Deducing that they have been ensnared in a nasty life-or-death? game, Kayla realises that each Beauty has a corresponding Beast who must protect them while hunting and killing everyone else for the amusement of a paying, male, audience watch the action on tiny cameras implanted in the eyes of both the Beauties and the Beasts, experiencing both the thrill of the chase and the terror of the victims. Luckily, Kayla’s epilepsy gives her an advantage, allowing her to tune into the hunters’ cameras during her seizures (because that’s how epilepsy works…).
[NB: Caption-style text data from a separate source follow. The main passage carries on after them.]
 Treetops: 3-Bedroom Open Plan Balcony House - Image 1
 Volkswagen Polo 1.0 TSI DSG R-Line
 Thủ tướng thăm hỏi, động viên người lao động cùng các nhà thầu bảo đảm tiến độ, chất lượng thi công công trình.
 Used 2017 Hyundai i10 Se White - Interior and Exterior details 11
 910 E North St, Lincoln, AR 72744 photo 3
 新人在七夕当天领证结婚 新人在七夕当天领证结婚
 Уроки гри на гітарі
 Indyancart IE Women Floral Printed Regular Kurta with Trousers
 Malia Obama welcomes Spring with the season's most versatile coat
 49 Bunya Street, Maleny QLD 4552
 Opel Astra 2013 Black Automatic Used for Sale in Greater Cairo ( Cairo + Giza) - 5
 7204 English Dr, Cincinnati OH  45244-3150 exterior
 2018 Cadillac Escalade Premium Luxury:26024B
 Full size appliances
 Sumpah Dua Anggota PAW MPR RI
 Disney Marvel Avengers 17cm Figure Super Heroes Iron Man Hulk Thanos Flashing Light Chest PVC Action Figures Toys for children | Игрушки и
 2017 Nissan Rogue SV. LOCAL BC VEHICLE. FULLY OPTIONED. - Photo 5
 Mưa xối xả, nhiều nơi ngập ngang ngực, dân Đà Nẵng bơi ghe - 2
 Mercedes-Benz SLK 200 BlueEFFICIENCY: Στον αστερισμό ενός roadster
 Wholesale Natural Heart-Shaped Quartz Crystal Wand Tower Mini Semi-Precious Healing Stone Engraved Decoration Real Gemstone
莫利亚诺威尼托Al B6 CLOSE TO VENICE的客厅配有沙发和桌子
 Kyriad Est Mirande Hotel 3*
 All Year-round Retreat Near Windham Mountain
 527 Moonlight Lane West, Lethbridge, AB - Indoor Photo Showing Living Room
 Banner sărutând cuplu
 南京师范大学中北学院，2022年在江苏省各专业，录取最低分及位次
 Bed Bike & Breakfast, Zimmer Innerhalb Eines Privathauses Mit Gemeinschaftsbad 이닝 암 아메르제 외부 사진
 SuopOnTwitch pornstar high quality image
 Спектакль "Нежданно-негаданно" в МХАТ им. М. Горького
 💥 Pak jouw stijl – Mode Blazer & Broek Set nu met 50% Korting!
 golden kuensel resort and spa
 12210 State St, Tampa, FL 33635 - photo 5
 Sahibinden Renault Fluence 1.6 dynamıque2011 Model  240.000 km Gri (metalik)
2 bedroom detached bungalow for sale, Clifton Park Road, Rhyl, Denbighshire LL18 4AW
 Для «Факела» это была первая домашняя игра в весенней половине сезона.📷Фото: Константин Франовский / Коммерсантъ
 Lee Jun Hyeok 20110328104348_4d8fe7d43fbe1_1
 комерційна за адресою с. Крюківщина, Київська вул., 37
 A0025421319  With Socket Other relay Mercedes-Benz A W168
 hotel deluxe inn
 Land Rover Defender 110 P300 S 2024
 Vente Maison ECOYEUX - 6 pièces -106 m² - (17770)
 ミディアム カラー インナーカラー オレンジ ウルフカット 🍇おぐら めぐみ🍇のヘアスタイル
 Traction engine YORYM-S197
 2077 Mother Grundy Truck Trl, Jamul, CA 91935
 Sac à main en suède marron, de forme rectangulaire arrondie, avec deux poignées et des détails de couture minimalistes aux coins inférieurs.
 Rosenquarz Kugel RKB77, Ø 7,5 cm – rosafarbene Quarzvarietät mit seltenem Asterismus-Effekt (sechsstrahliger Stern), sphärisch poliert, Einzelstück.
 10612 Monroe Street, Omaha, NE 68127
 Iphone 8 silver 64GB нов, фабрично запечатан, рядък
Banding together with some of her fellow Beauties, Kayla gets tooled up and races to find Maddie before it’s too late…

As nasty, brutish and stupid as I’ve just made it sound, The Furies may be even nastier and stupider, delighting in the gory splatter of its effects as faceless, voiceless men slice, dice, maim and eviscerate a bunch of perky young(ish) women who panic and trip over handy tree roots a lot. And by a lot, I mean every woman appears to have the coordination of toddler. They get chased. They trip. They fall. They take an axe to the face or a scythe to the guts. On to the next, lather, rinse, repeat.

The performances for the most part are bland but efficient, only Top Of The Lake’s Linda Ngo standing out (and not in a good way…) as the childlike Rose who appears to nurture a closeted Sapphic passion for Kayla that borders on the sociopathic and the plot makes little sense the only justification for the onscreen mayhem being “It’s a fucked-up world full of fucked-up men.” But, is it? Is that a good enough explanation?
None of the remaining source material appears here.